After completion of the third operation, by the fourth operation as shown in FIG. 6, the elevator rods 70 and the supporting means 60 with the vessels 110 wholly fall to the former portion on the carrier as shown by arrow heads directed downwardly in accordance with downing movement of the boost rods 80.

As described above, the carrier of the slide plates 50 was returned to the former portion by the third operation, the place where the vessels 110 fell on the slide plates 50 is one stroke forwarded portion to the outlet 12 of the furnace 10, accordingly as result, the vessels 110 were forwarded one stroke to the outlet 12. The end vessel 110 at the outlet side of the furnace 10 is pushed out from the outlet 12, and at the time, the required baking or heating treatment was already finished during passing through the furnace 10.

Therefore, as shown in FIG. 6, the end slide plate 50 of the inlet side is empty and subsequently a new vessel 110 contained material for heating treatment is placed on the empty slide plate 50 as shown by an arrow head of the left side directed downwardly.

One rotation of the operation is completed by this step. And again the first new operation will be started for a next rotation as shown in FIGS. 6 and 4 by arrow heads directed to the right side therein. This serial rotation is repeatedly cycled and the vessels 110 are forwarded in due order from the inlet 12 of the furnace.

As described above, the carrier of slide plates 50 reciprocates on the skid rails 40 in accordance with pushing operations by both the push apparatus 91, 92, then the vessels 110 placed on the carrier 50 are forwarded one stroke as a whole when the carrier 50 forwards. On the other hand, during lifting up the vessels and returning of the carrier 50 to the former portion, the vessels 110 receive direct heating treatment from the under surface thereof in addition to the other surfaces.

In the first embodiment of the present invention, the transfer apparatus comprises a pair of skid rails 40, a carrier, pushing apparatus, and plural of the supporting means and lifting apparatus of vertically slidable rods.

Referring to the drawings, the other embodiment of the transfer apparatus is shown in FIGS. 7 to 11. Turning to the FIGS. 7 and 8, the heat sources 20, 30 are transversely provided at preferable intervals in the furnace as the same manner shown in the first embodiment. A receiving means 51 of a carrier is longitudinally provided through the furnace 10 and both ends thereof extend respectively to both the out sides from the inlet 11 and the outlet 12 of the furnace 10. The receiving means is flat and is made from heat-resisting material such as stainless steel or the like.
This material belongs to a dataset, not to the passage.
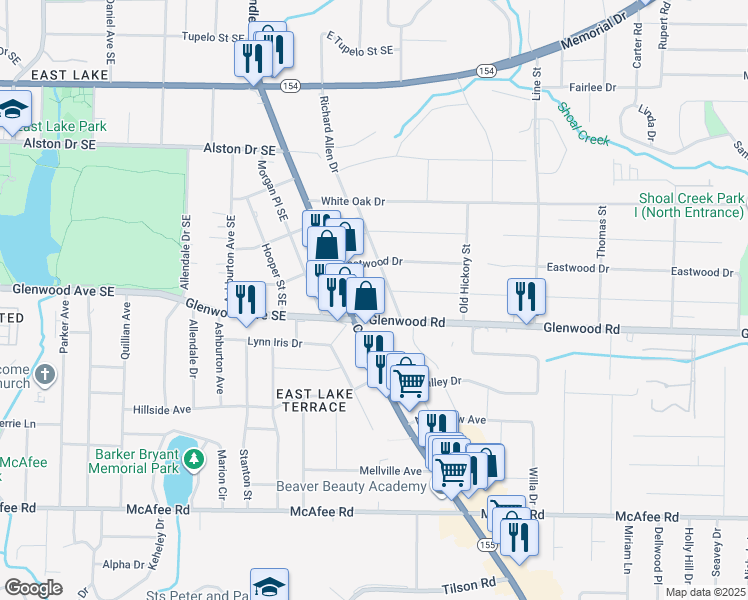 map of restaurants, bars, coffee shops, grocery stores, and more near 1796 Alexander Drive in Decatur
A carrier 52 is longitudinally, horizontally, movably placed on the upper surface of the receiving means 51. The carrier 52 is formed by a belt means made from a heat-resisting serial metal net or flat plate or the like, and has a predetermined width. A pair of driving apparatus 93, 94 is respectively installed on the transfer line at both out sides of the inlet 11 and outlet 12 of the furnace, and both ends of the carrier 52 are respectively connected to the driving apparatus 93, 94, then the carrier 52 can be slidably moved on the receiving means 52 by reciprocal pulling operation of the driving apparatus 93, 94.

As the same manner described above with regard to FIGS. 1 and 2, lifting means for the vessels 111 and the supporting means 60 thereof are shown in FIGS. 7 and 8.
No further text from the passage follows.